FPP’s system is based around a semi-submersible structure FPP’s system is based around a semi-submersible structure

The concept of a floating structure that can generate power from both wind and wave energy has moved a step closer with progress on the Katanes Wind Wave project reports Dag Pike.

The Danish company, Floating Power Plant (FPP) has developed and patented a technology platform that includes a floating wind turbine combined with wave power devices. Now the company has established a joint venture with DP Energy to evaluate the potential of two sites, one in Scotland, the other in Wales, and if successful, they could be up and running by 2020.

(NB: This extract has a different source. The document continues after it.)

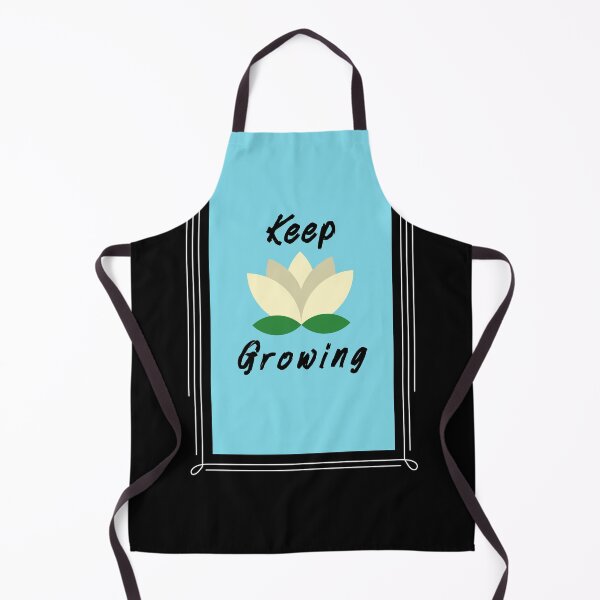 Item preview, Keep Growing (dark) designed and sold by Quirkdom.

The companies have decided to proceed to the next stage of the development, having recently completed the Environmental Impact Assessment screening. “We consider Katanes to be a world-leading location for an early-stage development of this technology. This, together with the strengths of the local and national supply chain and the Scottish Government’s commitment to support the offshore energy sector, especially emerging technologies such as floating wind and wave, has led us to this decision,” said Simon De Pietro, the CEO of DP Energy.

The long-term goal of the two companies is to develop a commercial scale project in staged development steps. Floating Power Plant has developed the P80 wind-wave energy platform, which hosts a single wind turbine ranging from 5MW to 8MW and integrates a wave energy device with a capacity between 2MW and 3.6MW, depending on the wave resource. The technology has been proven by two years of offshore, grid-connected testing in Danish waters.

FPP’s system is based around a semi-submersible structure which provides a stable platform on which to mount a standard offshore wind turbine generator of between five and eight MW in capacity. In addition, the platform provides a base for four of FPP’s patented wave energy converters which use a uniquely shaped absorber fixed in a channel in the platform, each producing between 500 and 900kW, depending on available wave resources at the project site. This results in between 2 and 3.6MW of wave power, giving a total platform capacity of between 7 and 11.6MW, although it is possible that the platform could support even larger wind turbines.

A bonus is improved accessibility on the lee side with the structure forming a breakwater to give calmer water in the lee for personnel transfer.